__Given records__.
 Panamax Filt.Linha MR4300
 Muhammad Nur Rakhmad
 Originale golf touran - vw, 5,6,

==

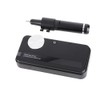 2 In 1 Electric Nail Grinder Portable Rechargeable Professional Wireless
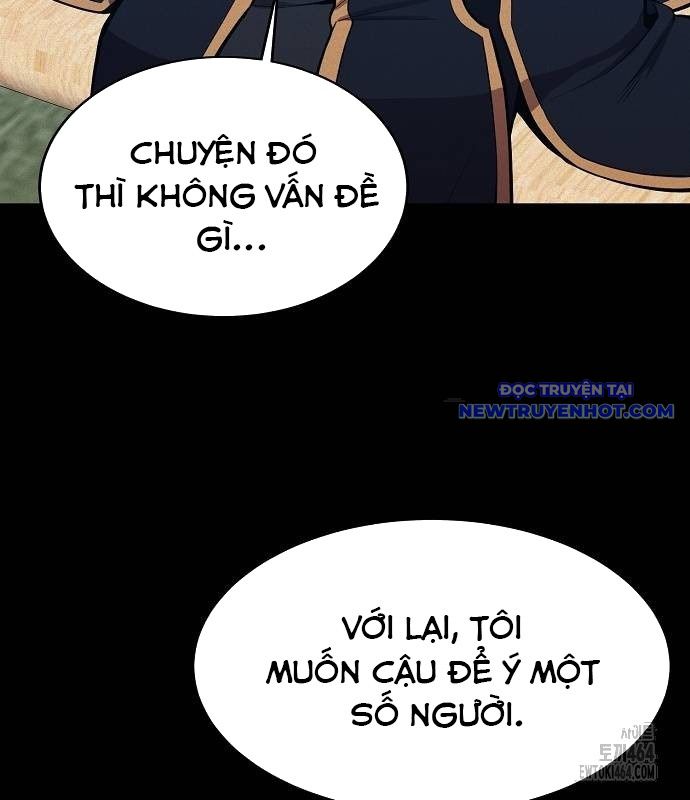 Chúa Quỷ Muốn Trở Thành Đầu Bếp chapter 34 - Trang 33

__Exercise description__. Using the records above, copy word for word the line with "Panamax Filt.Linha MR4300", the line with "Originale golf touran", and every line between them.

__Answer box__.
 Panamax Filt.Linha MR4300
 Muhammad Nur Rakhmad
 Originale golf touran - vw, 5,6,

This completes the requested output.